Response to a Letter to the Editor
We appreciate the insightful comments made by our colleagues with regard to our article, “The Interobserver and Intraobserver Reliability of the Sanders Classification Versus the Risser Stage”1 and the opportunity to respond to their concerns.
The commentators discuss that using weighted kappa is a more appropriate statistical test based on original kappa test weaknesses. As regards to our calculations of reliability and the use of the Cohen Kappa, and the provided example, we would like to present 2 following points. First, knowing the number of observations in a sample and number of discordant cells should not suffice to conclude 2 distributions are similar (eg, behavior of χ2 of independence). The Cohen Kappa takes the possibility of only positive, only negative, and answers in agreement; and in doing so, considers that if one of the categories (either positive or negative) is very small overall, the value of agreement cells goes down considerably. Using the example provided by the commentators, case A in Table 1 behaves differently than case B. The number of negatives in agreement over total negatives per rater is 5/10 and 5/10=45% in A, whereas 45/50 and 45/50=90% in B. This discordance reflects that if a measure seems to be skewed towards one end, it is the other end which gains importance to be able to detect differences in a sample, in terms of proportions. Second, much like when dealing with other distribution test and binary values, error generated by the linear method is minimized when using a binary variable.

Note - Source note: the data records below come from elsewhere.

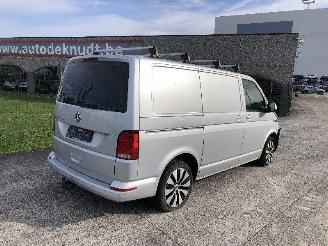 krockskadad bil auto Volkswagen Transporter 2.0 TDI  150 2020/7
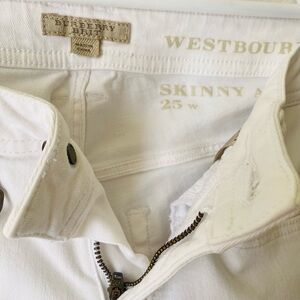 Burberry skinny 25 petite white jeans.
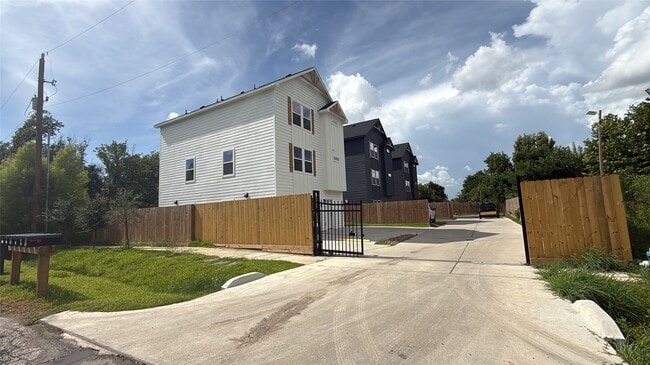 Building Photo - 8019 Birmingham St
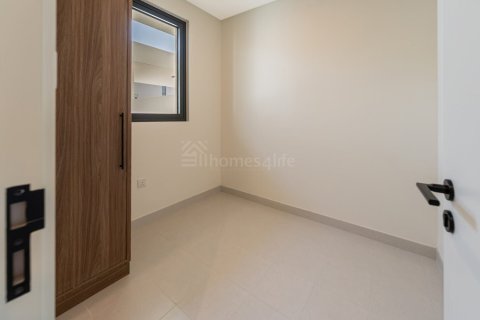 Townhouse de 3 dormitorios en Town Square, UAE No. 133401 6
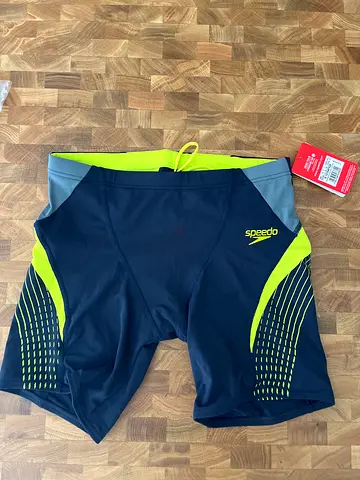 SPEEDO men’s swimming trunks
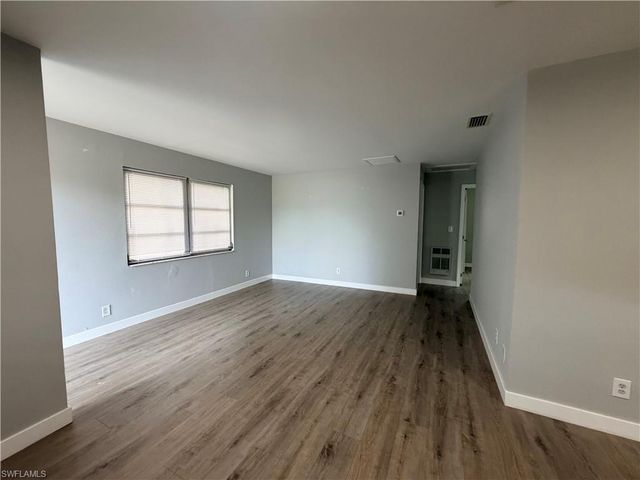 1759 Aquarius CT, Fort Myers, FL 33916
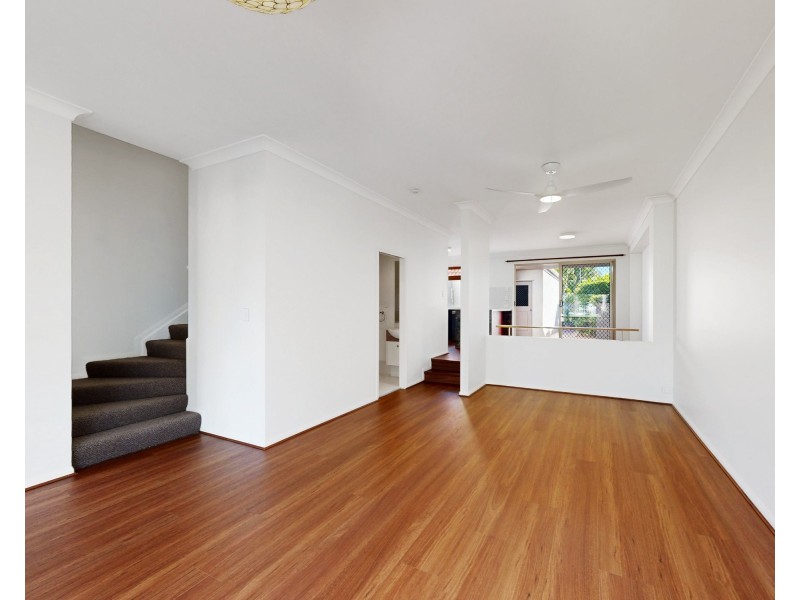72 Kenbury Street, Bulimba QLD 4171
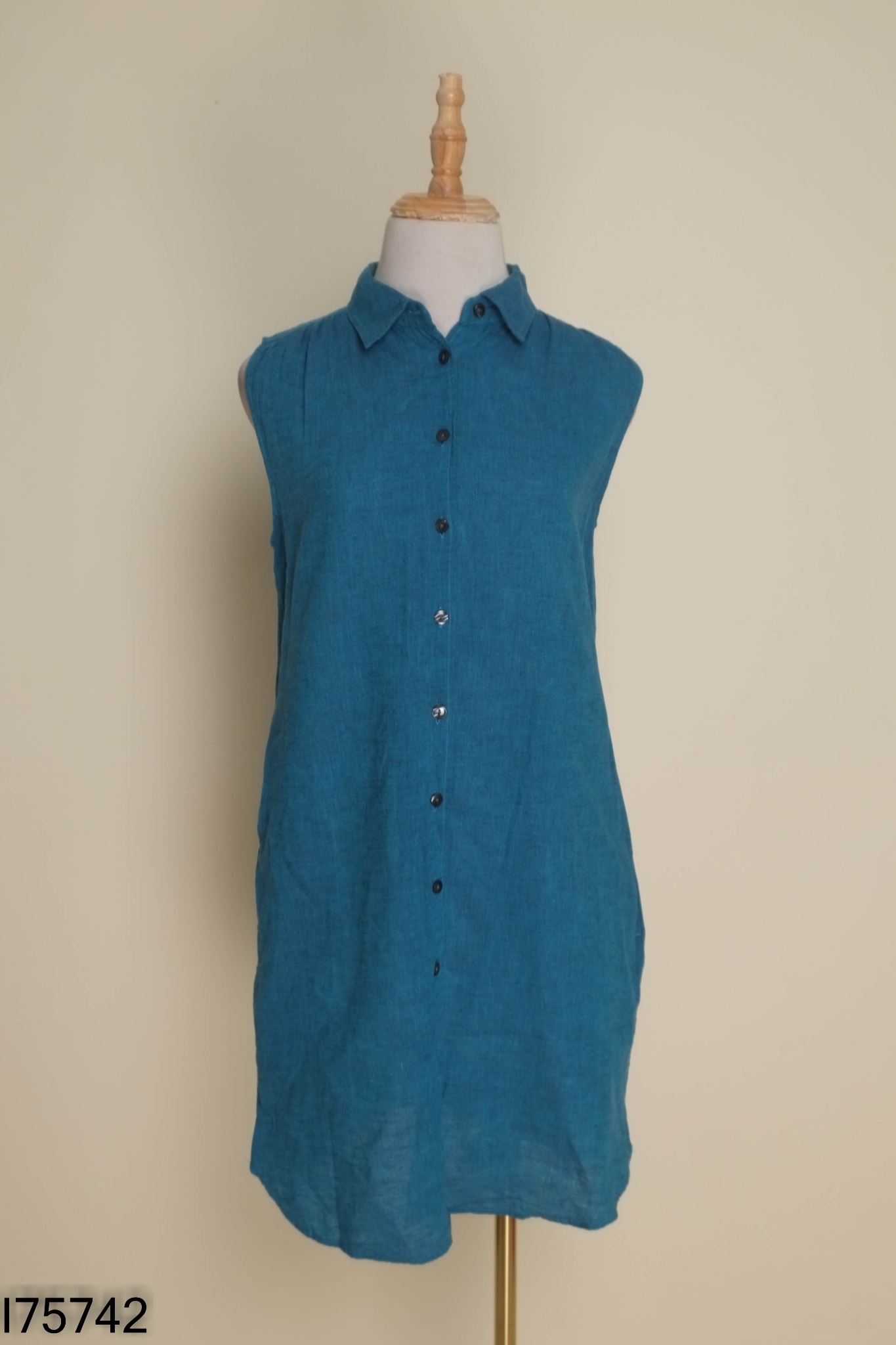 Váy UNIQLO xanh trơn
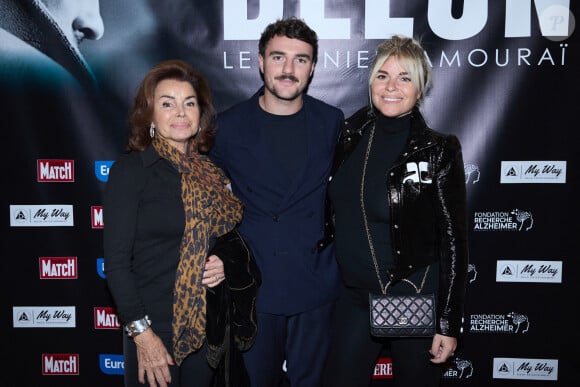 Exclusif - Dominique Tapie, Sophie Tapie (enceinte) , son mari Baptiste Germain au photocall de la soirée Ciné-concert symphonique "Alain Delon, le dernier Samouraï" au Palais des congrès à Paris le 8 novembre 2024 le jour de son anniversaire. © Jacovides / Moreau / Bestimage 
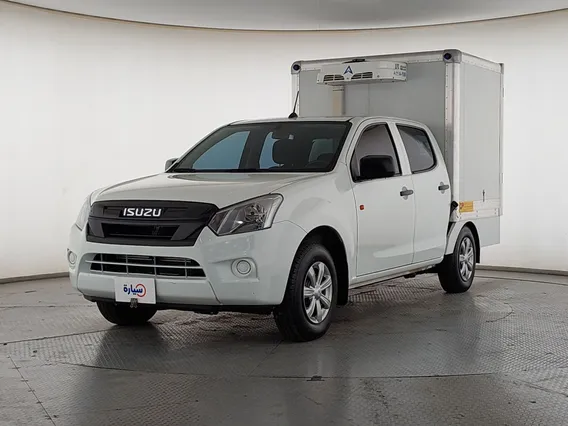 ايسوزو دي ماكس Crew Cab 2025 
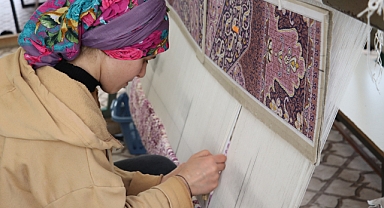 Karaköprü Kırsalında Kadınlar El Emeği Halılar Üretiyor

Our choice of kappa test was based on its use in prior literature for similar studies that perform interrater and intrarater reliability tests.2–4 Although we agree weighted Kappa is a superior method of reliability for contingency tables of more ordinal categories, we did not find it necessary in testing 1 rater against 1 rater, the way our study presents the data. We again would like to thank our colleagues for their interest in our study.